Below is a block of entries; repeat exactly the lines starting at the line that contains "Chargeuse compacte sur" and ending at the line that contains "Used Nissan Elgrand", both included.

========

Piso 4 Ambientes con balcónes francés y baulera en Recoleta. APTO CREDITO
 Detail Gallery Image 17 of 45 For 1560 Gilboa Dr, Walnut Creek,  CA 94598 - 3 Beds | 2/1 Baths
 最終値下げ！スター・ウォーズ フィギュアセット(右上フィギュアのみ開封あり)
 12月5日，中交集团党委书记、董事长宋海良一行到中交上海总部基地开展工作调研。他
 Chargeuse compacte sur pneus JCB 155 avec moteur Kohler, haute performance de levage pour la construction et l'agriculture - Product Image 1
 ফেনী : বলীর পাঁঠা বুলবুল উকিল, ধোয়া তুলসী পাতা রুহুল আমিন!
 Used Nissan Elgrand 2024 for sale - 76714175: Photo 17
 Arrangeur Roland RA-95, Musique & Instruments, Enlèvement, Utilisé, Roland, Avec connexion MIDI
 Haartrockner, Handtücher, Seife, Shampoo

========

> [Response]
 Chargeuse compacte sur pneus JCB 155 avec moteur Kohler, haute performance de levage pour la construction et l'agriculture - Product Image 1
 ফেনী : বলীর পাঁঠা বুলবুল উকিল, ধোয়া তুলসী পাতা রুহুল আমিন!
 Used Nissan Elgrand 2024 for sale - 76714175: Photo 17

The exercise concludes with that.